The U.S. Federal Reserve left interest rates unchanged at the conclusion of its two-day June Federal Open Market Committee (FOMC) meeting. In the months since the FOMC’s last meeting in April, there was some speculation that the Fed might consider raising rates at the June meeting. That sentiment changed after May’s disappointing jobs report, and economists and analysts came to expect that the Fed would not raise interest rates until July.
In a statement explaining its decision, the FOMC focused on jobs: “The pace of improvement in the labor market has slowed while growth in economic activity appears to have picked up,” and that “although the unemployment rate has declined, job gains have diminished.”

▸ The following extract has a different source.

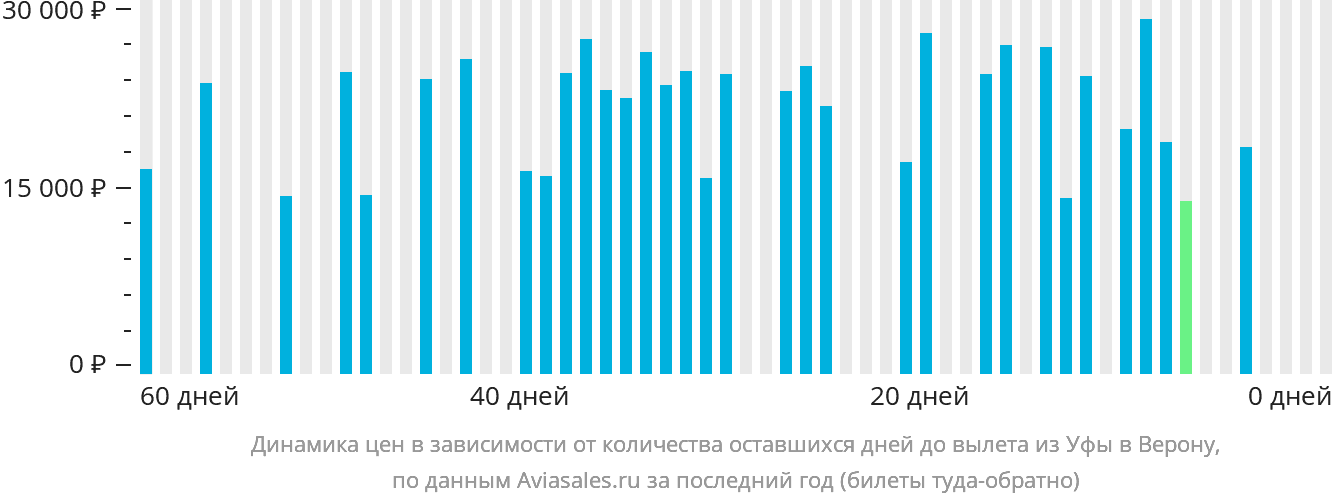 Динамика цен в зависимости от количества оставшихся дней до вылета из Уфы в Верону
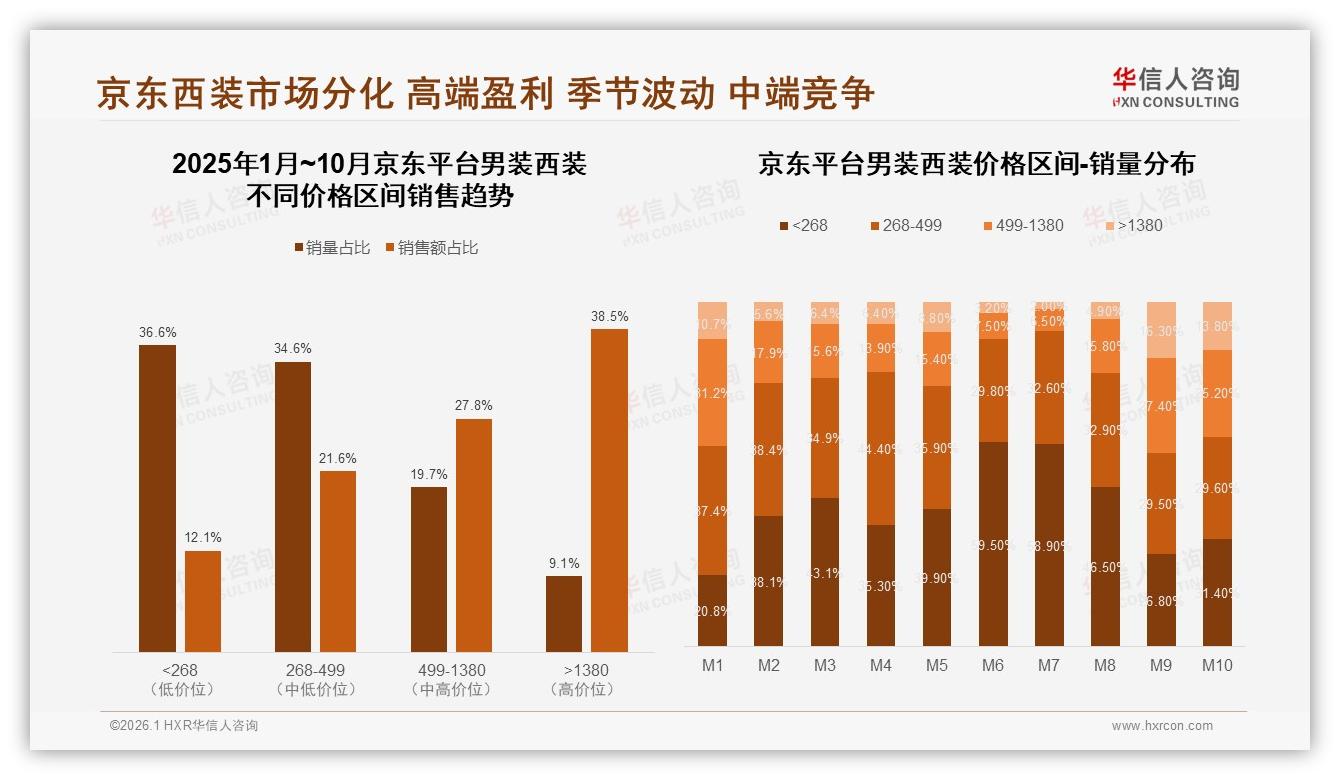 华信人咨询独家披露：68%消费者首选国产男装西装，品质优先型占35%-2026年1月-男装西装-38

The Fed has yet to raise rates in 2016. It raised interest rates for the first time in nearly a decade last December—the so-called “lift-off”—when the target range for the federal funds rate moved from between 0 percent and 0.25 percent to between 0.25 percent and 0.50 percent.
In a speech in Philadelphia last week, Federal Reserve Chairwoman Janet Yellen voiced concerns about the upcoming Brexit vote and the U.S.’s slow productivity growth. The FOMC statement echoed her sentiments that rates will rise gradually, but also stated that “the federal funds rate is likely to remain, for some time, below levels that are expected to prevail in the longer run.”